John Callister named director of Cornell's Kinzelberg program to train undergraduate engineers in the ways of business

John Callister, assistant professor of mechanical and aerospace engineering, has been named director of Cornell's Harvey Kinzelberg Enterprise Engineering Program. The undergraduate program is designed to help undergraduate engineering students adapt their education in the traditional engineering disciplines to a business environment.

Endowed in 1995 by Harvey Kinzelberg, a 1967 graduate of the Cornell College of Engineering, the program is open to students in all engineering fields at Cornell. The program includes an introductory freshman course in engineering entrepreneurship and the fundamentals of high-technology business. During their sophomore and junior years, students take two economics courses and two entrepreneurship courses from outside the engineering college. They conclude the program with a senior course in the development of a comprehensive business plan for a high-technology, high-growth product or service.

In announcing Callister's appointment, Sidney Leibovich, the Samuel B. Eckert Professor and director of the Sibley School of Mechanical and Aerospace Engineering at Cornell, said, "We look forward to dynamic leadership from him."

Callister has been involved in the Kinzelberg program since joining the Cornell faculty in January this year. He participates in Cornell's Entrepreneurship and Personal Enterprise Program and stays active in aeroacoustics and acoustics research. He also is interested in entrepreneurship research, particularly as it relates to the engineering field, and in the design and innovation process in small high-technology companies. Recently he attended the Roundtable for Entrepreneurship Education for Engineers at Stanford University as well as the third annual Young Faculty Research and Teaching Retreat in Entrepreneurship in Lenox, Mass.

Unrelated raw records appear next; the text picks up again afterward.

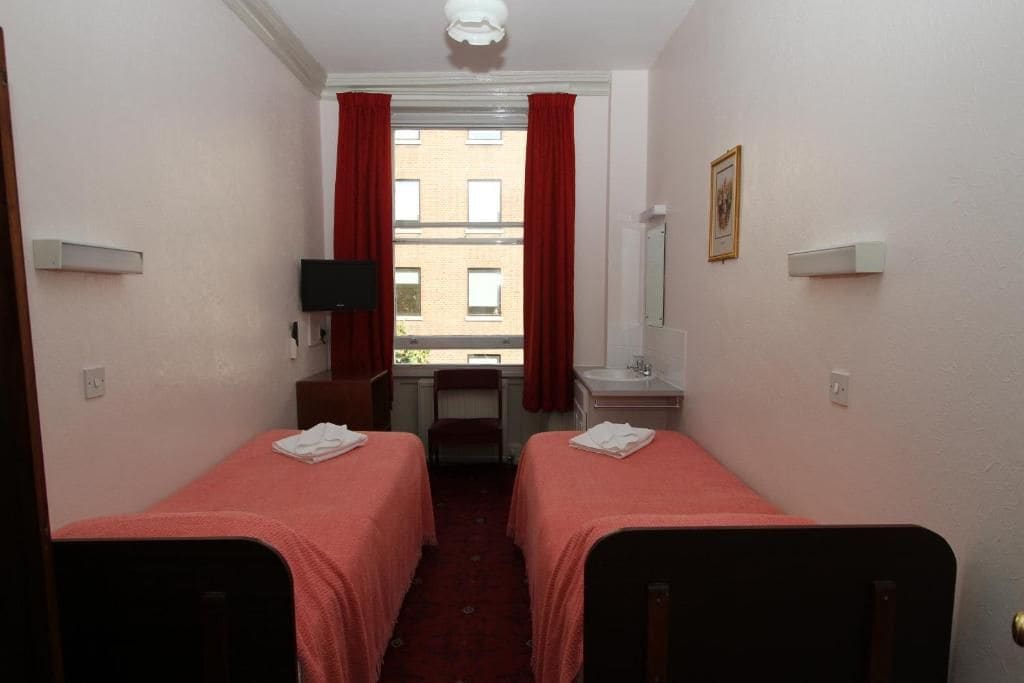 Habitación de hotel con dos camas individuales, un escritorio con silla, televisor y ventana con cortinas rojas, con vistas a edificios.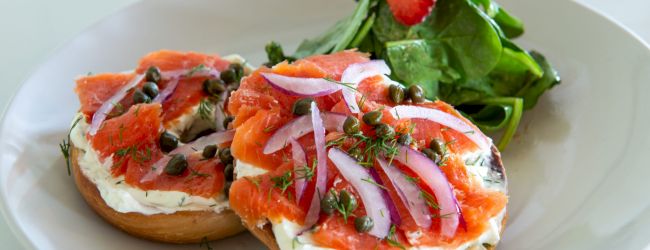 Two bagel halves topped with cream cheese, smoked salmon, red onion, capers, and herbs, served with a fresh greens salad on the side.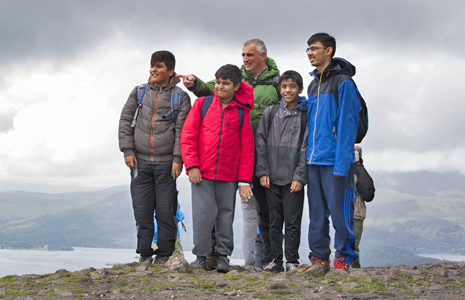 national-park-ranger-in-green-jacket-pointing-in-the-distance-to-group-of-male-students-on-top-of-conic-hill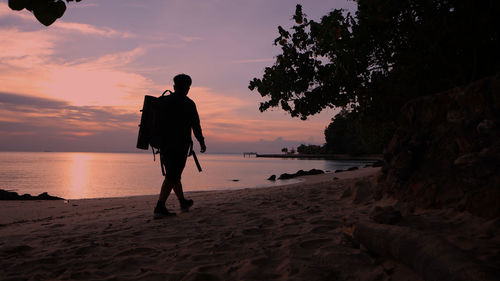 Rear view of man on beach during sunset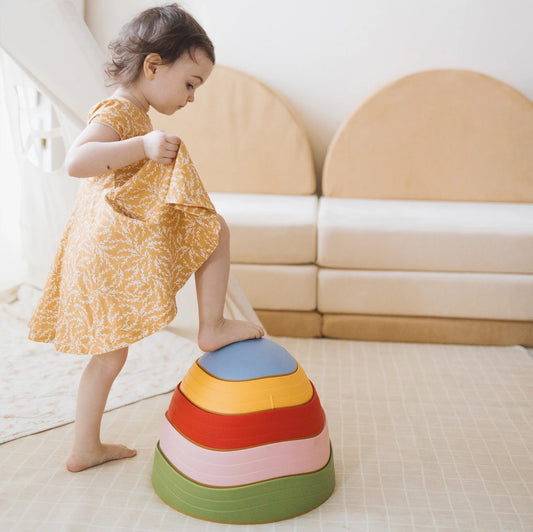 Child in a yellow dress stepping on a colorful stool in a modern living room.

After earning his M.S. in mechanical engineering in 1992 and a Ph.D. in 1996, both at Cornell, Callister was assistant professor of mechanical and aerospace engineering at Tri-State University, Angola, Ind. In addition to his engineering degress, he has an M.B.A. from the University of Chicago. He is a co-founder and vice-president of Foxdale Inc., an equipment-leasing firm. He spent eight years as an automotive engineer for General Motors and has been a consultant for various businesses.